Este debate de la fiscalidad y el empleo en plena expansión de la era de IA, el sistema fiscal actual se apoya principalmente en tres fuentes: impuestos sobre el trabajo, sobre el consumo y sobre el capital. Pero en muchos países los ingresos procedentes del trabajo —cotizaciones sociales e impuestos sobre la renta— siguen siendo una parte fundamental de la financiación pública. Además, esto tiene el agravante de que esta tecnología está fundamentalmente en manos de los privados.

Es obvio que las tecnologías digitales tienen el potencial de aumentar la productividad y generar riqueza, pero también pueden concentrar poder económico y transformar profundamente el mercado laboral. Por ello, muchos expertos coinciden en que las decisiones políticas que se tomen en los próximos años serán cruciales para determinar cómo se distribuyen los beneficios de la revolución tecnológica. Por ello, son muchos los expertos que alertan de que, si el empleo humano disminuye como consecuencia de la automatización, el modelo de financiación del Estado podría verse comprometido.

La reciente y muy recomendable encíclica Magnifica Humanitas del Papa León XIV sobre la custodia de la persona humana en el tiempo de la inteligencia artificial advierte que “A lo largo de los siglos, el desarrollo tecnológico ha contribuido a una mejora significativa de las condiciones de vida de la humanidad; al mismo tiempo, cada etapa del progreso también ha puesto de manifiesto el lado ambiguo de instrumentos capaces de causar daño cuando no se orientan hacia el bien».

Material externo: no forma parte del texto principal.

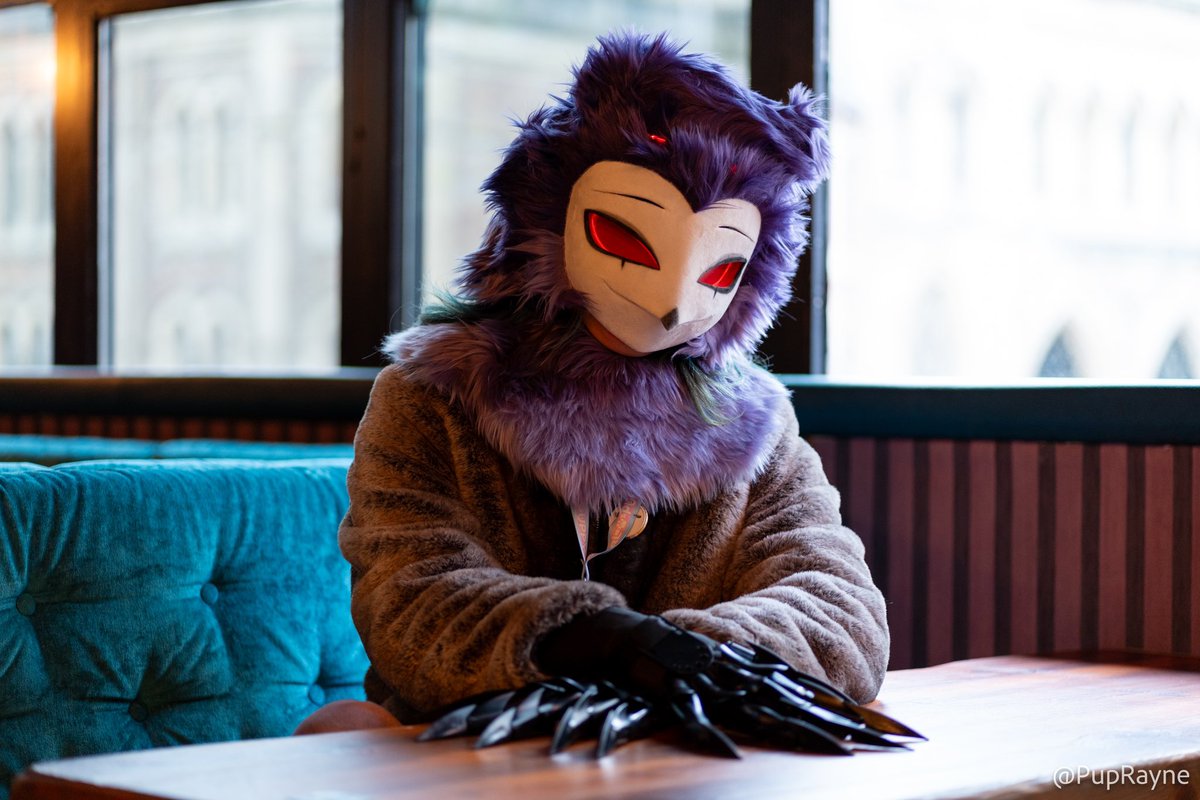 New bird…Hoots this. Some more lovely photos of Stolas in their natural habitat. Being waited on claw and beak.

📸<a href="/PupRayne/">PupRayne</a> 
#FursuitFriday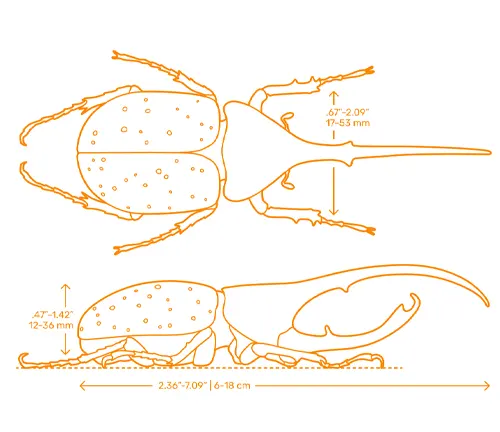 Diagram showing the size of a "Hercules Beetle", highlighting its large dimensions.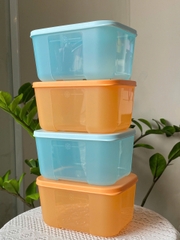 Tuptrung - Hộp Đông 650ml Basic Thân Màu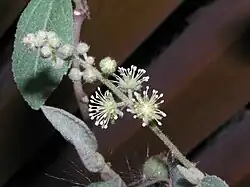 Květenství Croton crassifolius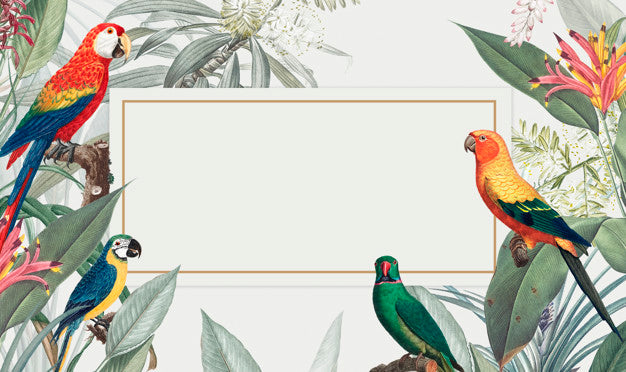 Free Macaw Tropical Mockup Illustration Psd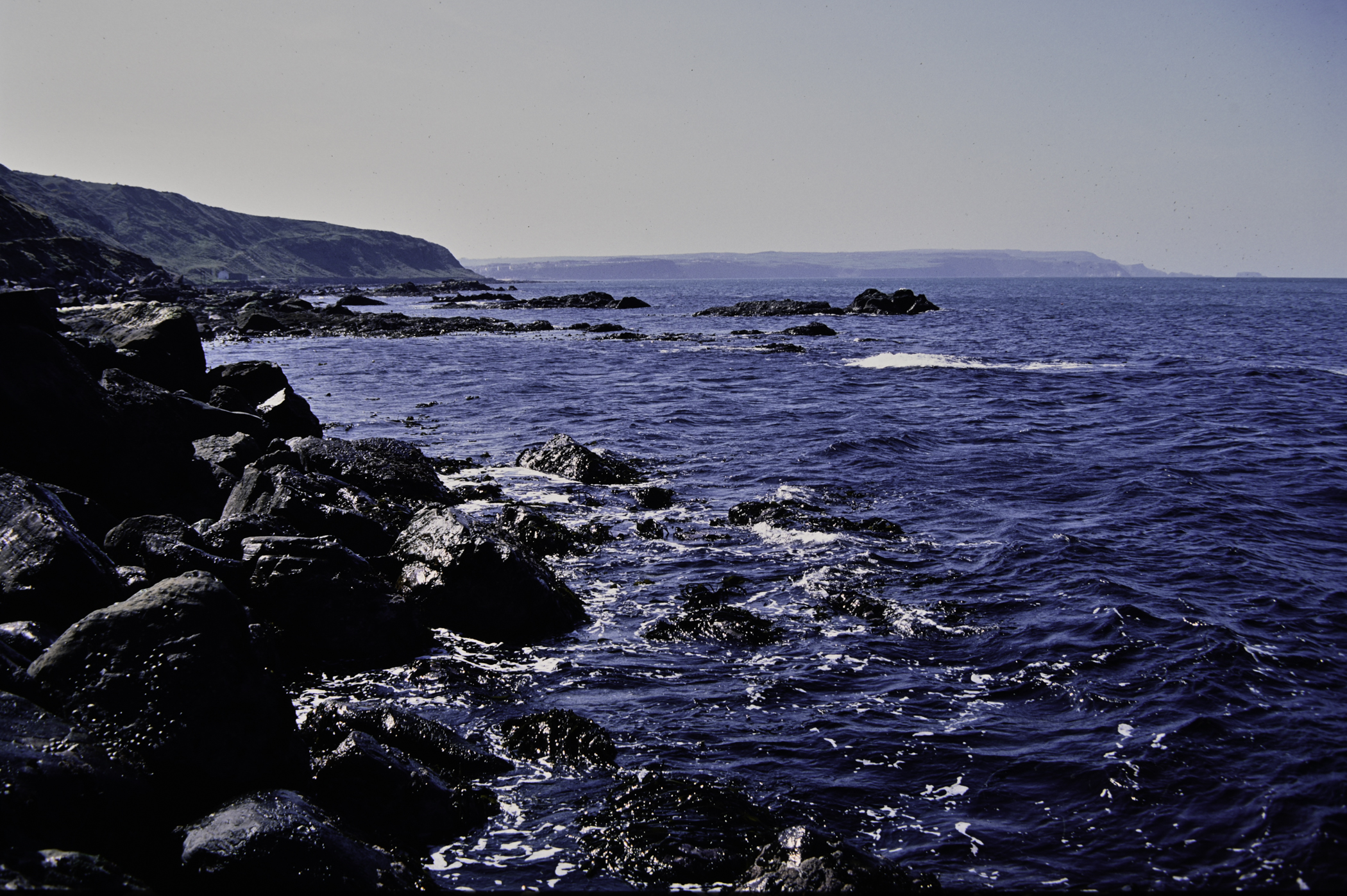 . Site: Fair Head West, North Coast. 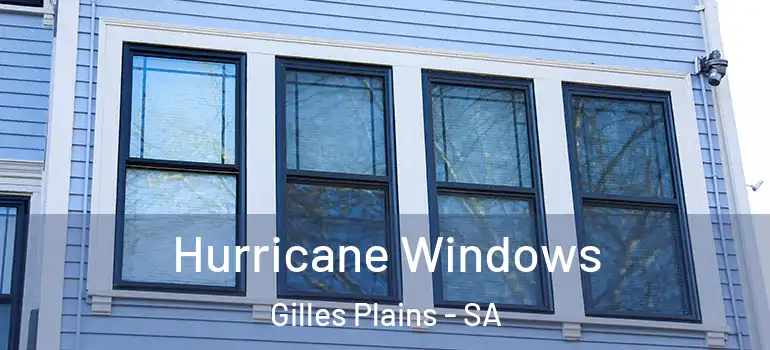 Hurricane Windows Gilles Plains - SA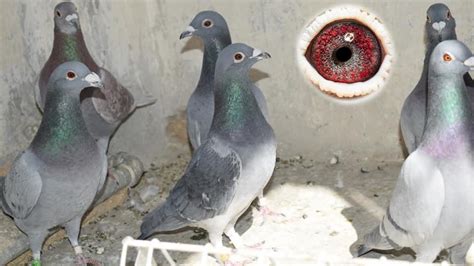 Racer Pigeon In Pakistan Youtube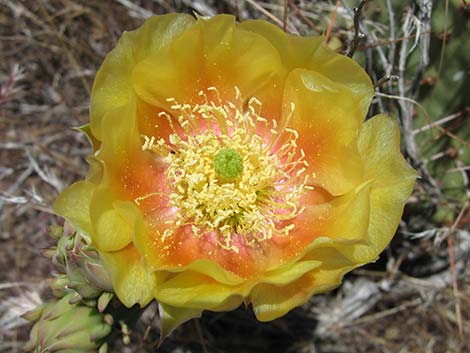 Tulip Pricklypear (Opuntia phaeacantha)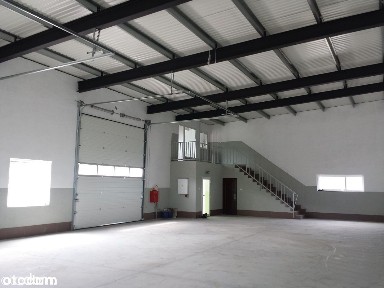 Nowa hala 241 m w Redzie Pieleszewo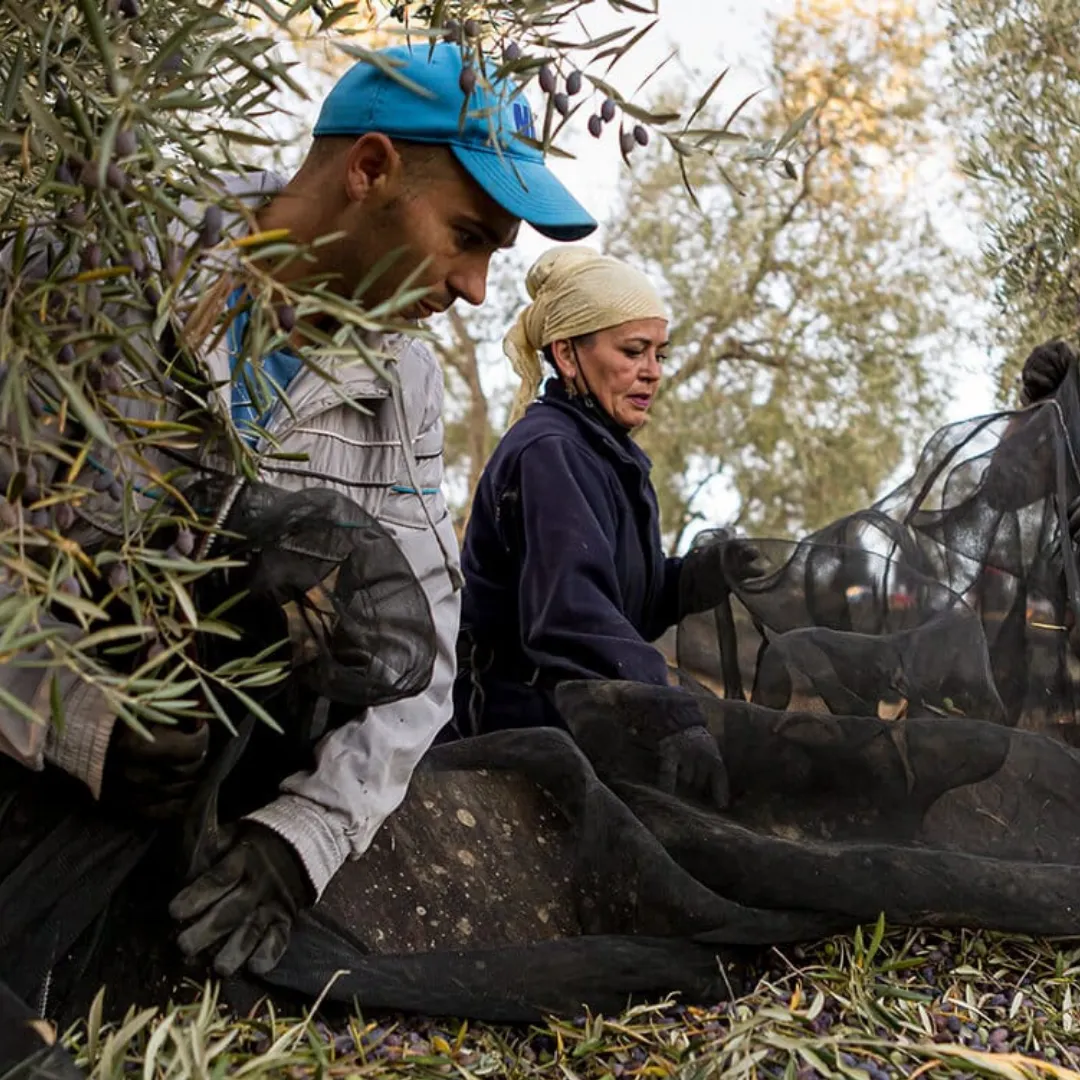 el-chantre-olive-harvest-workers-collecting-nets-ronda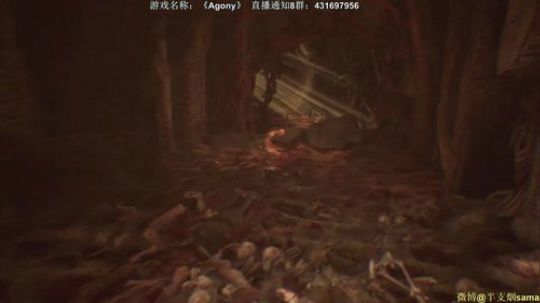 恐怖游戏之魂 2018-07-08 21点场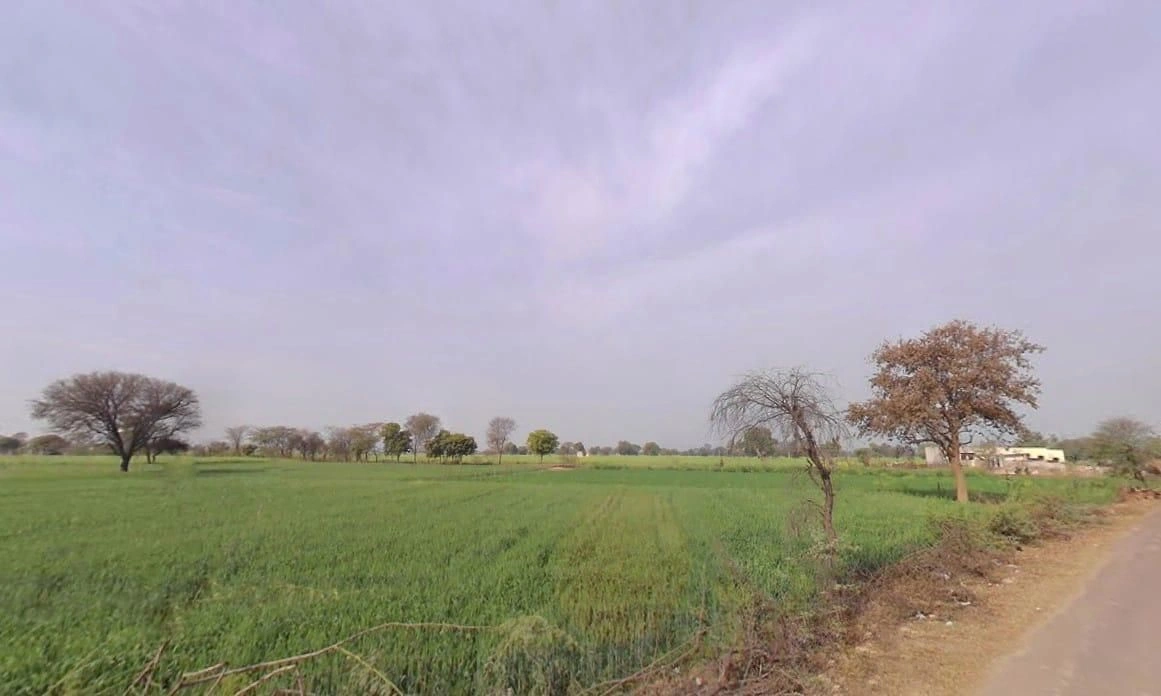 Laxmangarh, Rajasthan 321607, India preview 3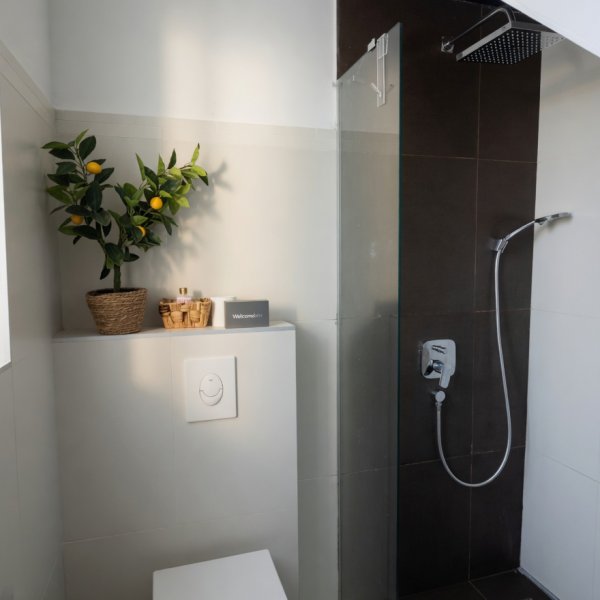 Kupaonica / wc, BASIC MANSION ( Apartmani &Scaron;ibenik ), Basic Mansion s bazenom, &Scaron;ibenik, Dalmacija &Scaron;ibenik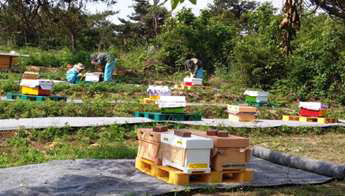 꿀벌 계통 육성을 위한 격리 육종장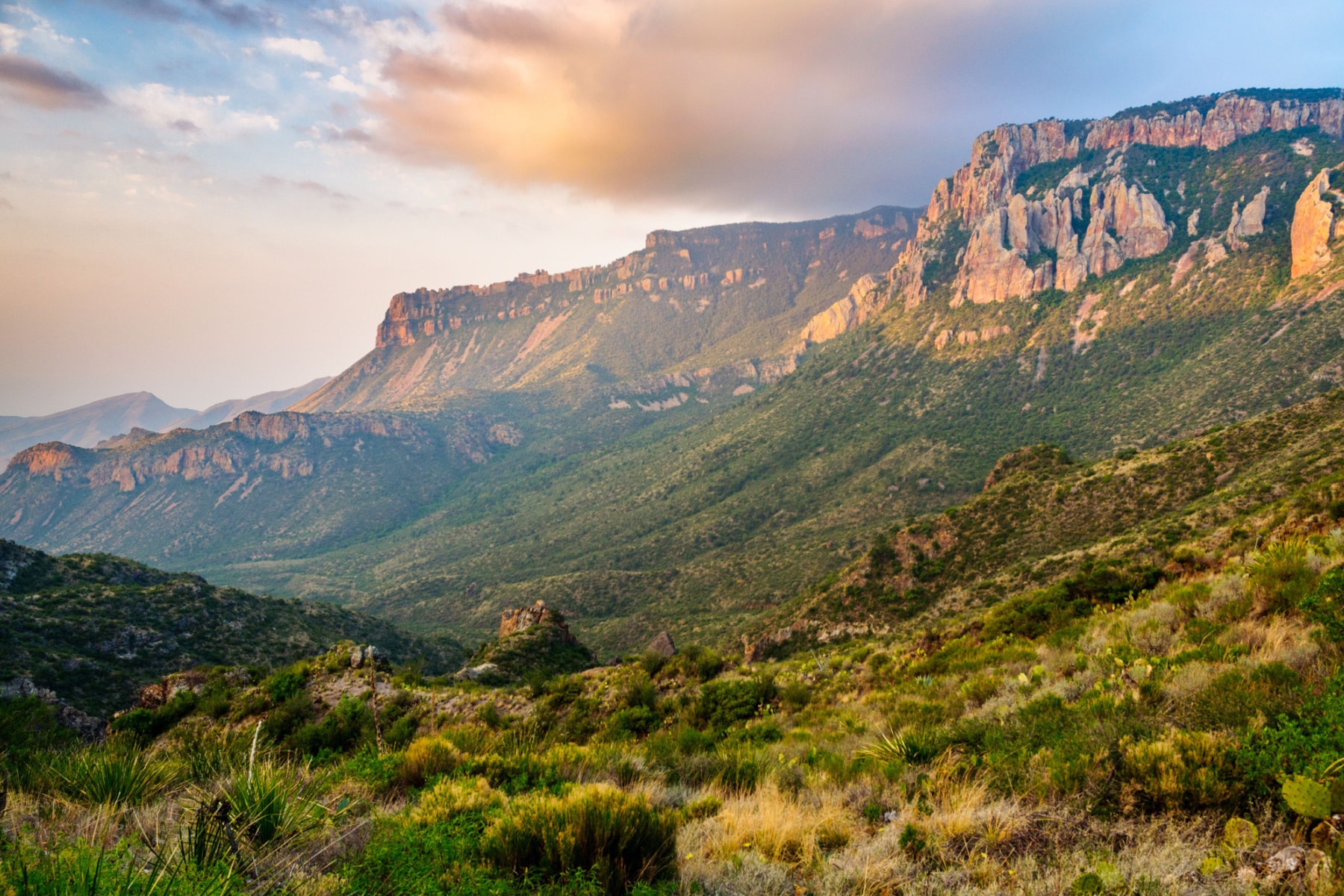 Stunning mountains arise from a green valley in the best hikes of Big Bend National Park.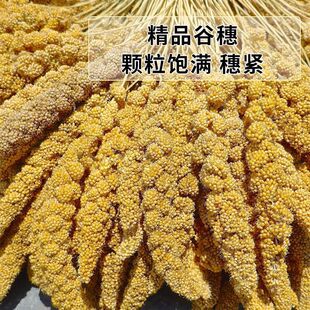 ������ȻС�����S�����W�^�B�Z�}��Z��϶�����쾰�b�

«Hoy, sin embargo, nos encontramos ante una situación nueva, en la que el poder y la omnipresencia de las tecnologías emergentes se entrelazan con el tejido de la vida cotidiana, moldean los procesos de toma de decisiones e inciden profundamente en el imaginario colectivo: «Nunca la humanidad tuvo tanto poder sobre sí misma». Las nuevas tecnologías abren un horizonte que se extiende en direcciones que, aunque intuibles, aún no podemos prever por completo. Esto hace que sea más complejo evaluar su impacto y sus efectos a largo plazo sobre la dignidad de las personas y el bien común», añade.

También este despliegue acelerado de herramientas de inteligencia artificial generativa en los entornos de trabajo ha reabierto un debate clásico desde una óptica marxista: ¿Quién se beneficia realmente del incremento de productividad que aporta la tecnología? ¿El trabajador, que puede ver reducida su carga y aumentada su capacidad creativa, o la empresa, que capitaliza ese aumento de eficiencia en forma de plusvalía? Esta cuestión no es nueva; se inscribe en una larga tradición de análisis marxista sobre la relación entre tecnología, trabajo y capital.

Desde una visión marxista, la tecnología forma parte de las fuerzas productivas, es decir, los elementos materiales y técnicos que determinan cómo se produce la riqueza social. La IA generativa amplía considerablemente estas fuerzas: automatiza tareas cognitivas, acelera procesos antes intensivos en tiempo y conocimiento, y permite que un trabajador o trabajadora obtenga resultados de mayor calidad en menos tiempo.

Sin embargo, para Marx las fuerzas productivas nunca actúan solas: están insertas en relaciones de producción, y es esa estructura la que decide cómo se distribuyen sus beneficios. En un sistema capitalista, la mejora tecnológica tiende a ser apropiada por el capital —no por el trabajo— porque el incremento de productividad no se traduce de forma automática en mejores salarios, jornadas más cortas o mayor autonomía para el trabajador. Y en el caso de la IA, como en muchos otros ejemplos históricos, deviene además en amenaza de sustitución.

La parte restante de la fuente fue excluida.